Unveiling Disparities in Web Task Handling Between Human and Web Agent
Kihoon Son, Jinhyeon Kwon, DaEun Choi, Tae Soo Kim, Young-Ho Kim, Sangdoo Yun, Juho Kim
TL;DR
The paper examines how humans and web agents perform web tasks, emphasizing planning, action, and reflection through a think-aloud study with four participants across two tasks (Amazon shopping and Reddit search). The authors identify distinct cognitive actions and on-site operations in humans and compare them to agent architectures, revealing gaps in knowledge updating and ambiguity handling. Humans continuously discover task- and site-related knowledge through UI understanding and trial-and-error, expand their knowledge space, and engage in retrospective reflection to revise plans, while current web agents rely more on predefined sub-plans and evident feedback.
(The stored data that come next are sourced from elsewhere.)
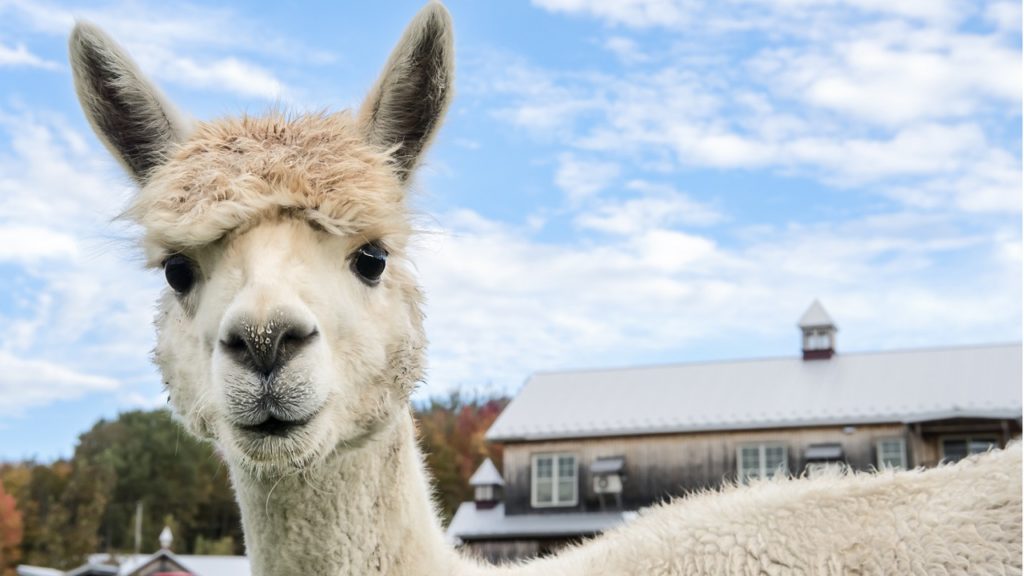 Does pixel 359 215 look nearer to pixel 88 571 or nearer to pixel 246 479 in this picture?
pixel 246 479

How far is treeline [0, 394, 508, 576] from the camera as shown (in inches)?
2534

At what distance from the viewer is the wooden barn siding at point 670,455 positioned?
35281 mm

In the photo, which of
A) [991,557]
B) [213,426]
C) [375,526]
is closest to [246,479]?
[213,426]

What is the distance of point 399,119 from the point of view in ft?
14.4

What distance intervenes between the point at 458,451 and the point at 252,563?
6071cm

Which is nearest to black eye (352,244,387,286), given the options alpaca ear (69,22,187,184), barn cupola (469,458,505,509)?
alpaca ear (69,22,187,184)

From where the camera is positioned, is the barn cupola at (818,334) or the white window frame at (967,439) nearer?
the white window frame at (967,439)

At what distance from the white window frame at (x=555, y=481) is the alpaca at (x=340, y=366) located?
34.6 m

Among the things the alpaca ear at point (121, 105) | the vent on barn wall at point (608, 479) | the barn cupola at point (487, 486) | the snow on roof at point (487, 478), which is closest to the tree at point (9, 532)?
the barn cupola at point (487, 486)

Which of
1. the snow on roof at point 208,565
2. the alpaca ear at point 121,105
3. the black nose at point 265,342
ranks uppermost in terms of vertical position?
the alpaca ear at point 121,105

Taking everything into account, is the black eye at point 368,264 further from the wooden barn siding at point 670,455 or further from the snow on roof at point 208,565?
the snow on roof at point 208,565

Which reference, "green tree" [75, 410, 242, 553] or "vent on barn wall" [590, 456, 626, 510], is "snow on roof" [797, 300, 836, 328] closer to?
"vent on barn wall" [590, 456, 626, 510]

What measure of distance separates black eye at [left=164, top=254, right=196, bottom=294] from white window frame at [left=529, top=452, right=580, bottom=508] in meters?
35.2

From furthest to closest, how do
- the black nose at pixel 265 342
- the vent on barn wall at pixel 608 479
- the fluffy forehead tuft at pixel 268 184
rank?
1. the vent on barn wall at pixel 608 479
2. the fluffy forehead tuft at pixel 268 184
3. the black nose at pixel 265 342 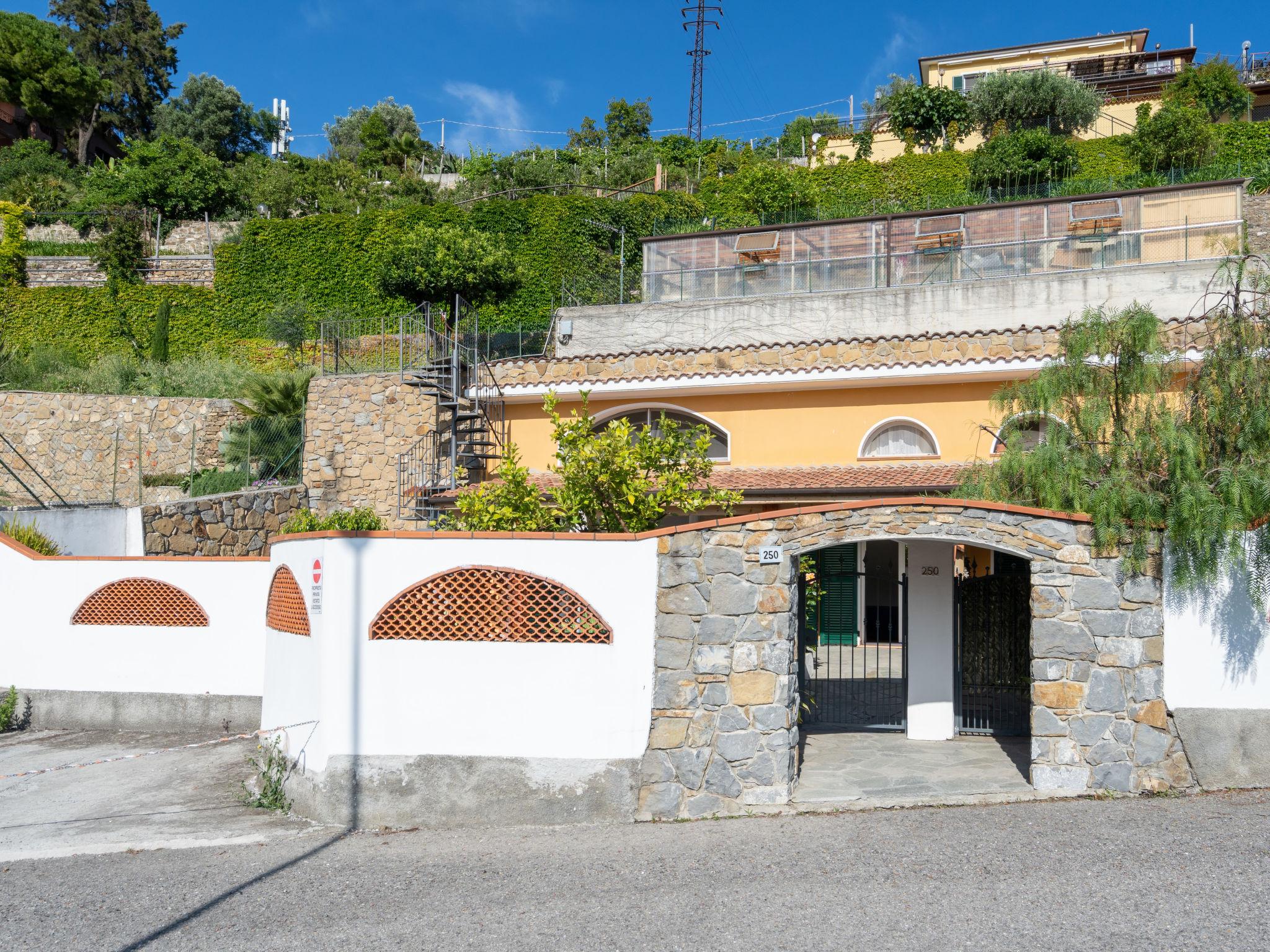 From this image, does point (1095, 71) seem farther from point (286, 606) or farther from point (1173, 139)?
point (286, 606)

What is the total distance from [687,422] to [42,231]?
28528 mm

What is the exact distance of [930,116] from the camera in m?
37.2

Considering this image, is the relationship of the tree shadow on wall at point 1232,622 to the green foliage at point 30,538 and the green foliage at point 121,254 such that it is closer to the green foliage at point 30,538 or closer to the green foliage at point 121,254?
the green foliage at point 30,538

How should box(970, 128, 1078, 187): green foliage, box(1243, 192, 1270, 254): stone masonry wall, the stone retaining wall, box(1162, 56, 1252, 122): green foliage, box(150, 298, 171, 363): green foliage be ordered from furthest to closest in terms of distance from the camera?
box(1162, 56, 1252, 122): green foliage → box(970, 128, 1078, 187): green foliage → the stone retaining wall → box(150, 298, 171, 363): green foliage → box(1243, 192, 1270, 254): stone masonry wall

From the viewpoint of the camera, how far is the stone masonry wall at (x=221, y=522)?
54.5 feet

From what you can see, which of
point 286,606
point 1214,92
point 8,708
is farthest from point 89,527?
point 1214,92

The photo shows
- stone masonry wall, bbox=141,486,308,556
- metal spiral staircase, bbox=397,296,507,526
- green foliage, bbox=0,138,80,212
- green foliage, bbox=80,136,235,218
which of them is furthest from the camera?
green foliage, bbox=0,138,80,212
These findings motivate designing hybrid agent architectures with explicit support for task/site knowledge updating, information discovery, reflection, rollback, and tacit knowledge capture, enabling more human-like adaptability in web environments.
Abstract
With the advancement of Large-Language Models (LLMs) and Large Vision-Language Models (LVMs), agents have shown significant capabilities in various tasks, such as data analysis, gaming, or code generation. Recently, there has been a surge in research on web agents, capable of performing tasks within the web environment. However, the web poses unforeseeable scenarios, challenging the generalizability of these agents. This study investigates the disparities between human and web agents' performance in web tasks (e.g., information search) by concentrating on planning, action, and reflection aspects during task execution. We conducted a web task study with a think-aloud protocol, revealing distinct cognitive actions and operations on websites employed by humans. Comparative examination of existing agent structures and human behavior with thought processes highlighted differences in knowledge updating and ambiguity handling when performing the task. Humans demonstrated a propensity for exploring and modifying plans based on additional information and investigating reasons for failure. These findings offer insights into designing planning, reflection, and information discovery modules for web agents and designing the capturing method for implicit human knowledge in a web task.